Rozdział 9

5 2 0
                                    

Juhu... Ile już minęło lat... Mam już 16 lat... Przed ostatni rok nauki przede mną. W sumie nie wiem co będę robić po tym. Nigdy nie zastanawiałam się. Mam jeszcze czas na rozmyślenia... Sprawdzam zegar. Ale już na lekcje nie mam! Znowu się spóźnię! Szybko książki i torba! Została mi minuta!

Biegnę i słyszę dzwonek. Niech to! Znowu spóźnienie! Biegnę i otwieram drzwi do klasy. Profesor sprawdzał listę.

— Uch... Dzień dobry... — Niepewnie mówię i idę do ławki obok Alpany. Rohini wzdycha. Kontynuuje sprawdzanie listy i przechodzi do lekcji.

— Dzisiaj poznacie historie wojny z kultem Ignis. Jak wiecie bogini ognia jest bardzo nielubiana.
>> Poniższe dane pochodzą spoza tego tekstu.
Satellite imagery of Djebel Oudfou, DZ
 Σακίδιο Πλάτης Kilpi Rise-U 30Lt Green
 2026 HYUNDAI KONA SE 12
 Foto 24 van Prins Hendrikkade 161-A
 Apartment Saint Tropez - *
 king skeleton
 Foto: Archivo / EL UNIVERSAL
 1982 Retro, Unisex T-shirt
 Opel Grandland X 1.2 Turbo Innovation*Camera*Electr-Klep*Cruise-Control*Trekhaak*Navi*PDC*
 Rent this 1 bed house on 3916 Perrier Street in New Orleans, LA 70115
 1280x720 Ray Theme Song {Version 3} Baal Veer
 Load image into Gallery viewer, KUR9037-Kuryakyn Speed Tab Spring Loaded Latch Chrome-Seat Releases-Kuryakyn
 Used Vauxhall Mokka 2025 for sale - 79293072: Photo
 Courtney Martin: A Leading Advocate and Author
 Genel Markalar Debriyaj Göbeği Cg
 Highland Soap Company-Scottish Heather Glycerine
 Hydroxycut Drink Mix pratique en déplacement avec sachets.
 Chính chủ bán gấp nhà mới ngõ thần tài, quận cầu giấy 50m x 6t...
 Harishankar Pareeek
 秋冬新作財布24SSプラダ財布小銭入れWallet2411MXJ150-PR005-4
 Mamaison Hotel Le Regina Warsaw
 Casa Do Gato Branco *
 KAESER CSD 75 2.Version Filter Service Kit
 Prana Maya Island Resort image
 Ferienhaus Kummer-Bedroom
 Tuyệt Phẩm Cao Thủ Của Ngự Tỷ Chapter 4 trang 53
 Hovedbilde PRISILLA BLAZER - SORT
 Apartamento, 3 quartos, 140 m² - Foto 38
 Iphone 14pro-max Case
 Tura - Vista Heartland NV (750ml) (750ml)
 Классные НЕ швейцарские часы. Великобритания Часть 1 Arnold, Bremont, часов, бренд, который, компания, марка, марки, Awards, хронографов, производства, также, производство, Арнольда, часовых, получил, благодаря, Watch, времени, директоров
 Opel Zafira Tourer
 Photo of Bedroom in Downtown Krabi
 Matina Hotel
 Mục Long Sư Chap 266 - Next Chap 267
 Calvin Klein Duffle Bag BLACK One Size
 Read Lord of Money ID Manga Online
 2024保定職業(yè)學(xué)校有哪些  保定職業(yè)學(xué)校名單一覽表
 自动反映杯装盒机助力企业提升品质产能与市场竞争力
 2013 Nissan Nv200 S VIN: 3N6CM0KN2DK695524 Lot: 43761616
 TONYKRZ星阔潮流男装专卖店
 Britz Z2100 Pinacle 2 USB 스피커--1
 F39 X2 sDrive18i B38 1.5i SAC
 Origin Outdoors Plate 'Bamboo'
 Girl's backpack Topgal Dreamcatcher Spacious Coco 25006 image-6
Nawet zakazano ją czcić. Taką osobę spotyka nawet kara śmierci. — Akurat słuchałam na lekcji. Bardzo mnie zaciekawił mnie ten temat. Usidlam sprostowana. — Nie wiadomo dokładnie kiedy powstał ten kult, ale wiemy, że w nim było około 30 tysięcy osób z różnych zakątków Fragum. Przywódcą był starszy mężczyzna i to on w tajemnicy stworzył kult. Gulab Cosenn.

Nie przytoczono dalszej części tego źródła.